WHAT YOU WILL DO: Copy out each entry precisely; no image belongs in the result.

[DATA FOR REVIEW Boundary: Start]

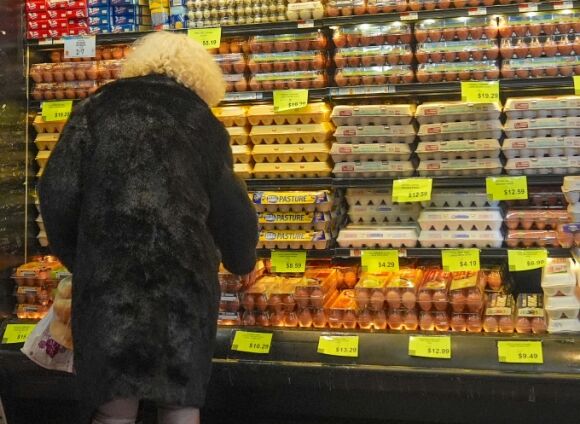 2 Nguoi My Met Moi Voi He Qua Tu Loat Don Thue Cua Ong Trump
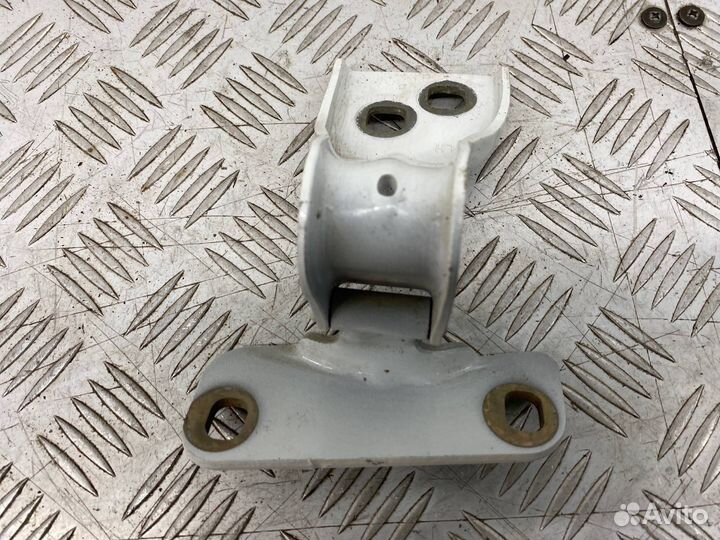 Б/У петля крышки багажника левый Opel Astra J P10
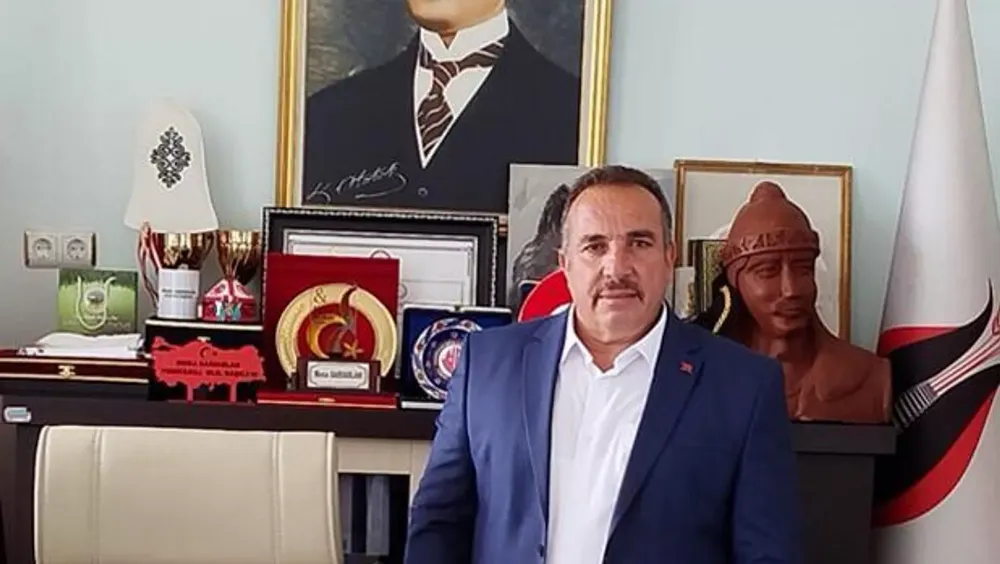 Yenifakılı Belediye Başkanı Musa Sarıaslan trafik kazasında hayatını kaybetti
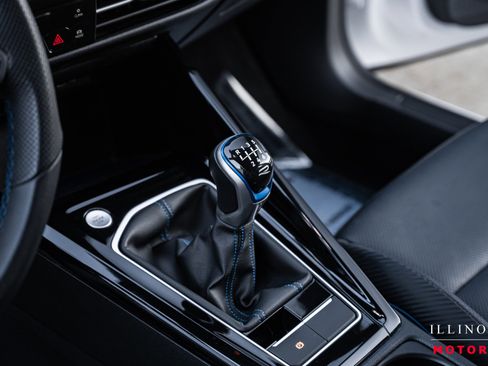 Used 2024 Volkswagen Golf R 4-Door image 21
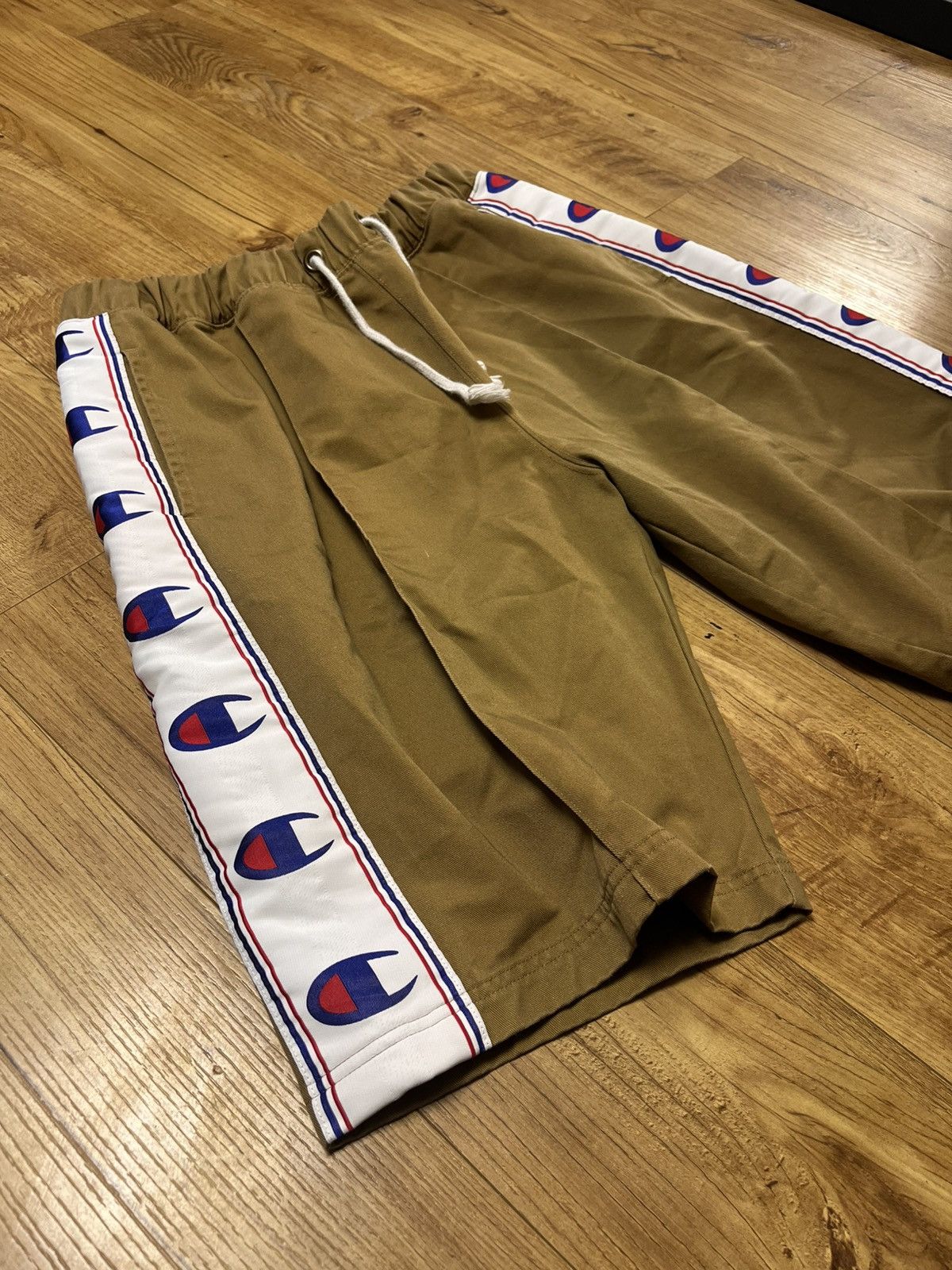 Champion Champion Bermuda Straight Shorts Size US 34 / EU 50 - 2 Thumbnail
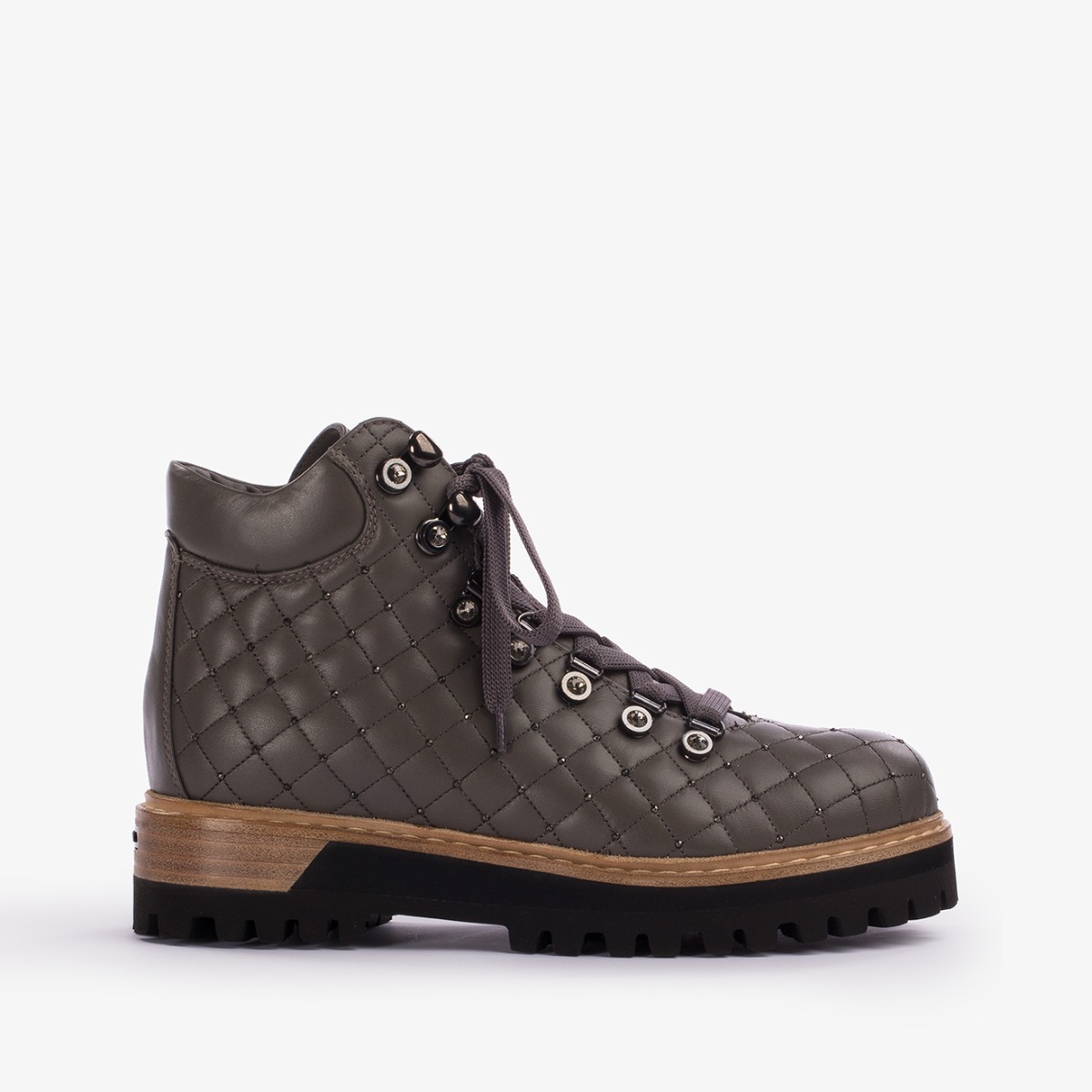 St moritz boots online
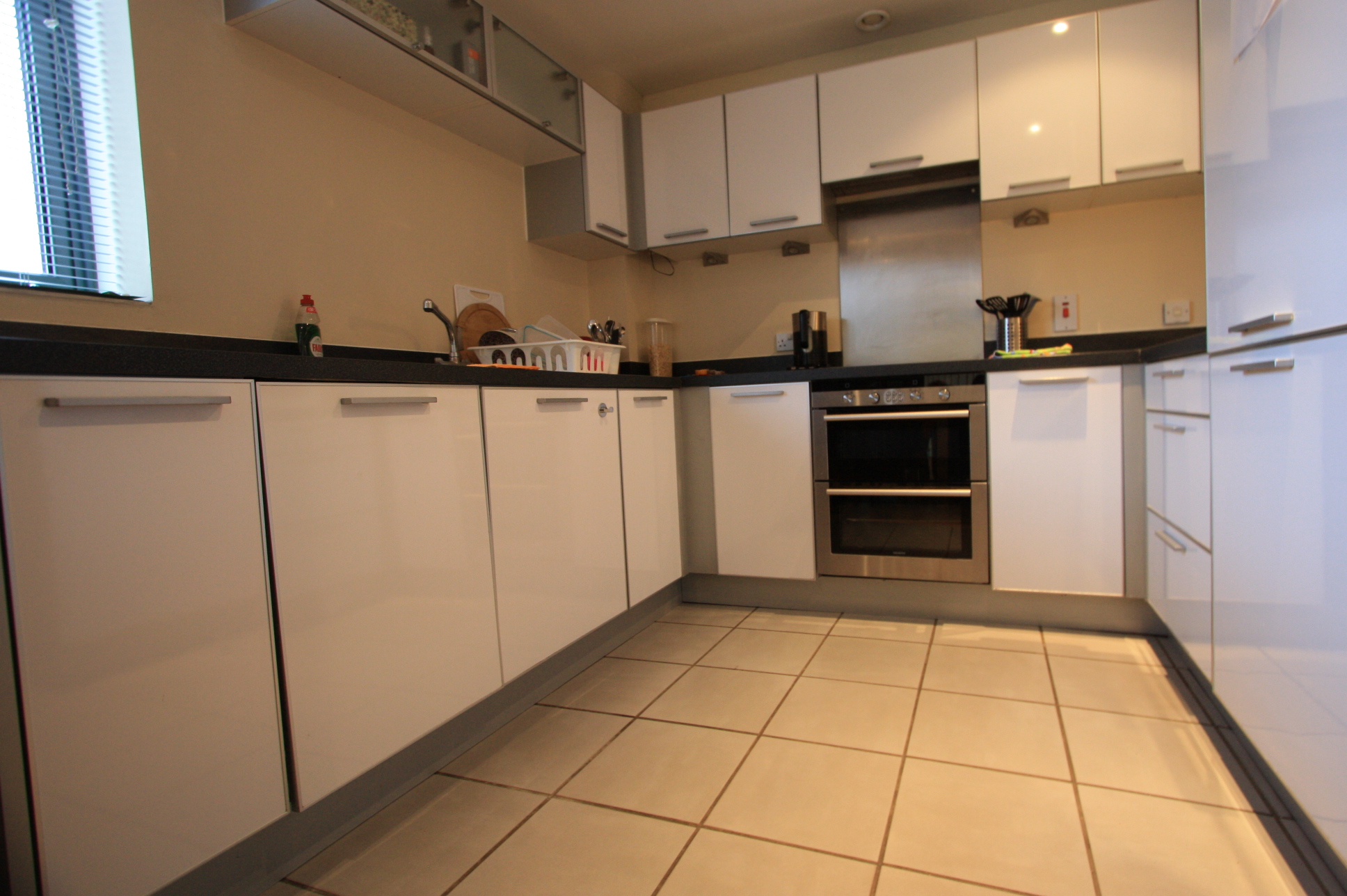 32, Cox Lane, West Ewell photo 5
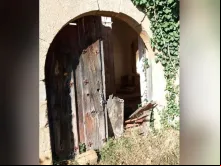 Estado da porta da Igreja de Santo Estêvão de Masegoso, Soria (Espanha).
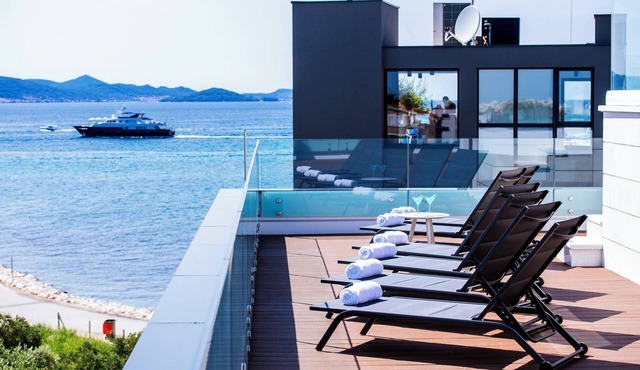 Crystal Holiday Residence II, Penthouse apartment with roof top swimming pool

[DATA FOR REVIEW Boundary: End]

ANSWER TO THE EXERCISE:
 2 Nguoi My Met Moi Voi He Qua Tu Loat Don Thue Cua Ong Trump
 Б/У петля крышки багажника левый Opel Astra J P10
 Yenifakılı Belediye Başkanı Musa Sarıaslan trafik kazasında hayatını kaybetti
 Used 2024 Volkswagen Golf R 4-Door image 21
 Champion Champion Bermuda Straight Shorts Size US 34 / EU 50 - 2 Thumbnail
 St moritz boots online
 32, Cox Lane, West Ewell photo 5
 Estado da porta da Igreja de Santo Estêvão de Masegoso, Soria (Espanha).
 Crystal Holiday Residence II, Penthouse apartment with roof top swimming pool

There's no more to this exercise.